Off-policy RL algorithms support

allenai / RL4LMs

A modular RL library to fine-tune language models to human preferences

https://rl4lms.apps.allenai.org/

Apache License 2.0

2.18k stars 191 forks source link

Off-policy RL algorithms support #23

Open Div99 opened 1 year ago

Div99 commented 1 year ago

Hi, first of all, great work. This is a very useful library for research on RL and NLP. It will be very helpful if it's possible to add off-policy RL methods like Q-learning, SAC, etc. along with benchmarks.

Also, new offline RL methods applied to NLP like ILQL can be very interesting for human alignment, and support for such methods will further enhance the value of this codebase.

rajcscw commented 1 year ago

Agreed! This is on our to-do list too. If you are interested and have time, you can contribute..

ghadiaravi13 commented 1 year ago

Hi, Probably somewhat related to this, having a forced_decoder_ids argument in the policy.generate() function might help with the offline RL setting, so is there a specific reason to not have that in the current generate function under hf_generation_utils.py? Also, is there a plan to add it in the near future?
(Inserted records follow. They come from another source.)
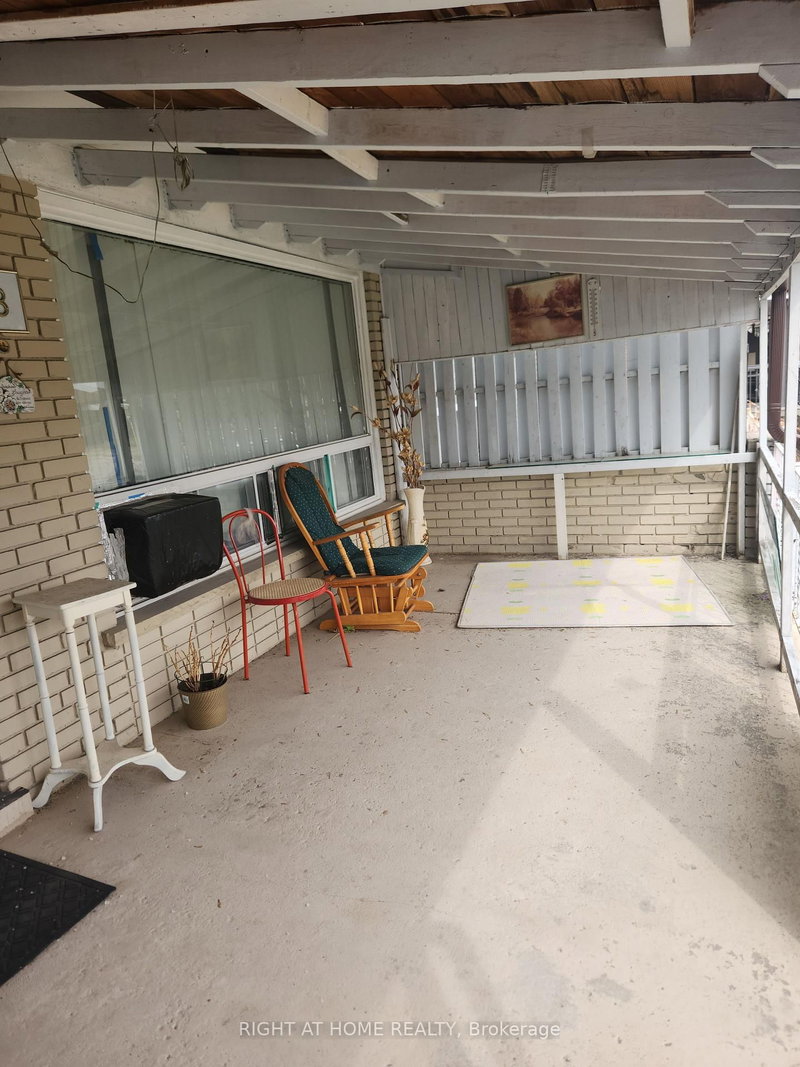 68 Lanyard Rd, Toronto, M9M 1Y9 | Image 3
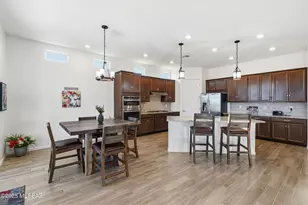 10720 N Iron Peak Dr, Tucson, AZ 85742 - Photo 10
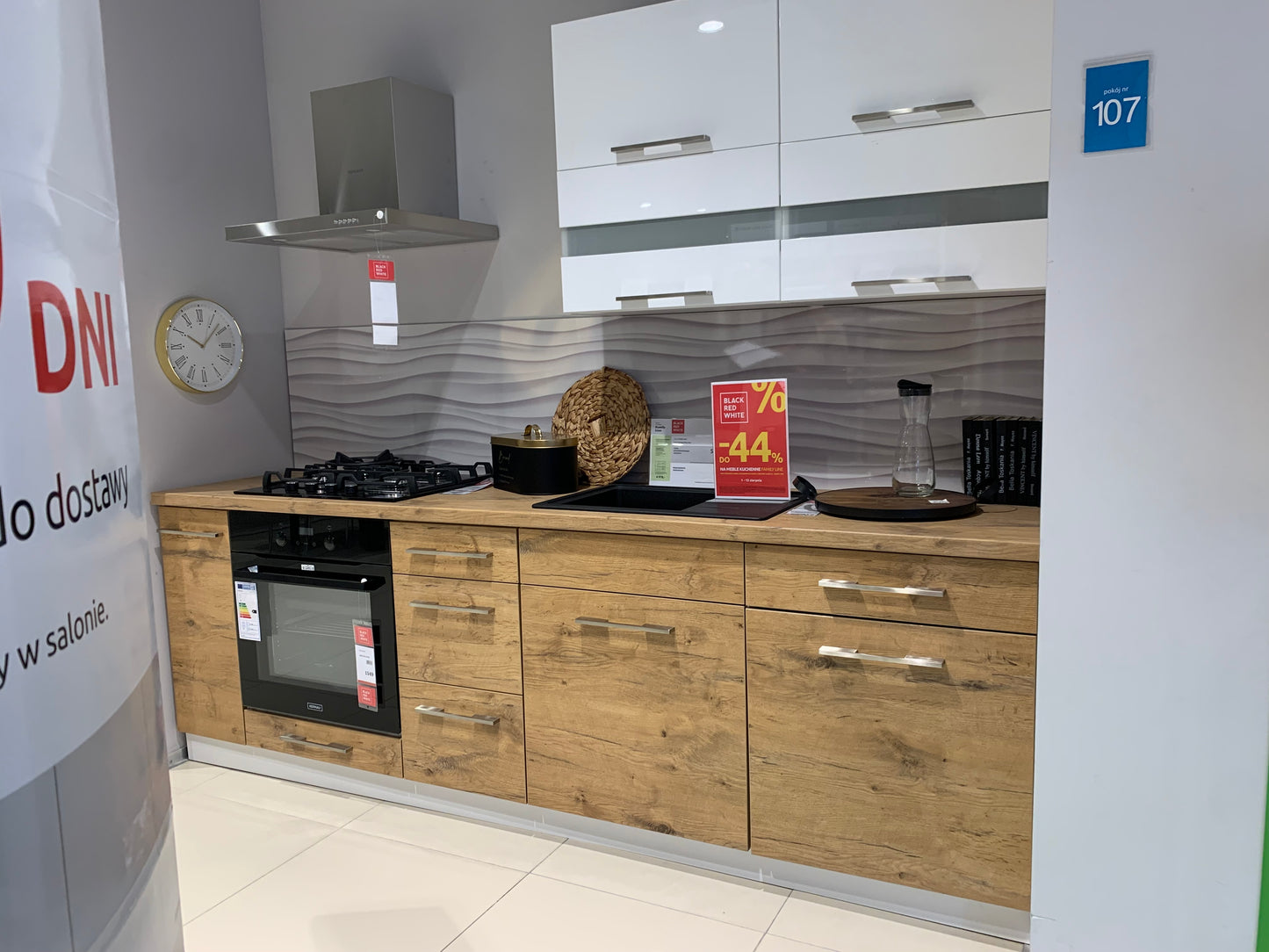 Family Line Hamper & Top Line Straight Kitchen Furniture Set 255 cm – Modern Minimalist Modular Run (With Worktop & Handles)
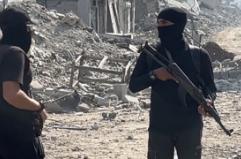 Gaza City, giovani militanti di Hamas presidiano l'area presso la linea gialla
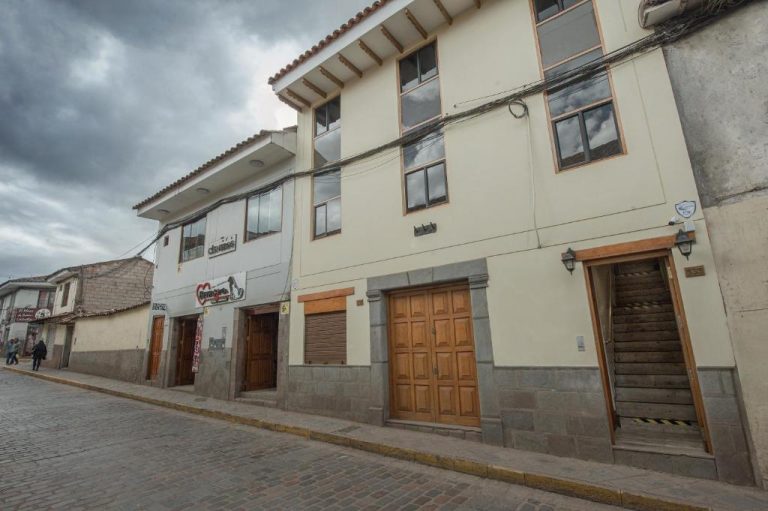 Fachada exterior del Casa Matara Boutique en Cusco con calle adoquinada y arquitectura colonial peruana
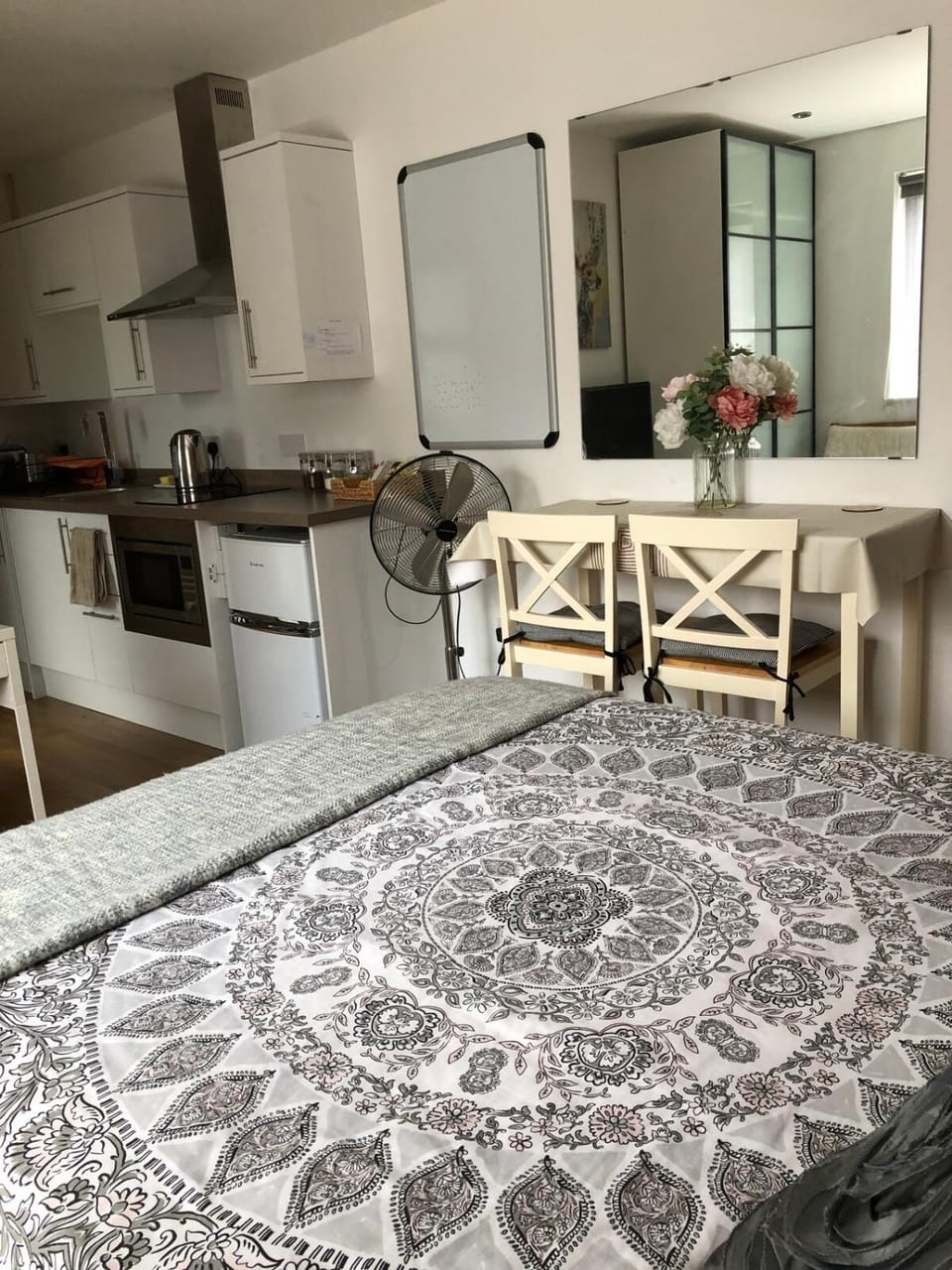 Kitchen or kitchenette, Dining area, stove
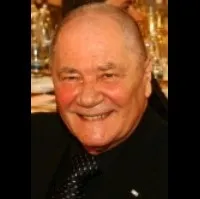 배우인 이온 베소이우의 대표 이미지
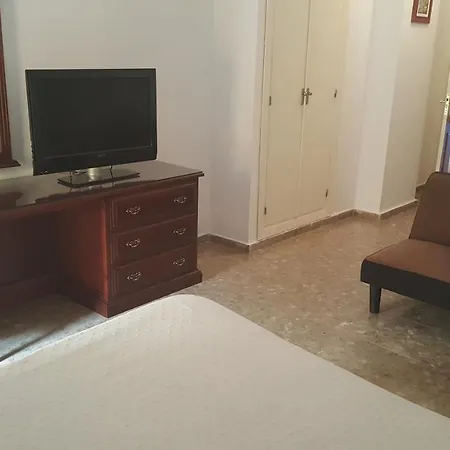 Pensión Dos Naranjos *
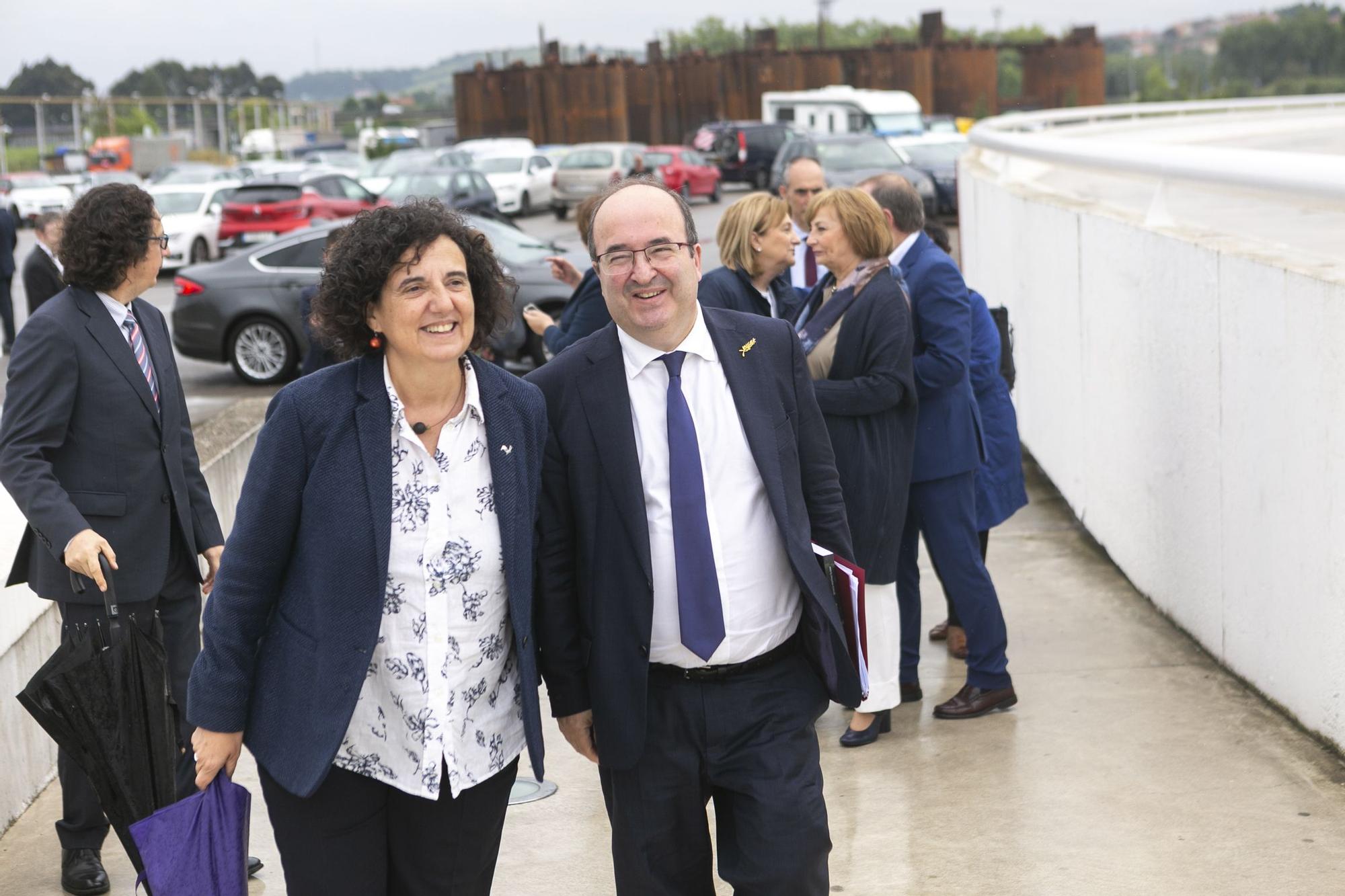 El Ministro de Cultura, Miquel Iceta, visita el Centro Niemeyer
rajcscw commented 1 year ago

@ghadiaravi13 I think this is probably because of the transformers library version that we adapted to hf_generation_utils.py. Once we upgrade it to recent versions, we can support this.

ghadiaravi13 commented 1 year ago

Got it, thanks!

Ji4chenLi commented 3 months ago

Hi @rajcscw,

Any update on this issue?

I'm wondering if Q-Learning methods can work for LLM training 🤔 Would be extremely grateful if you can share your experience on this.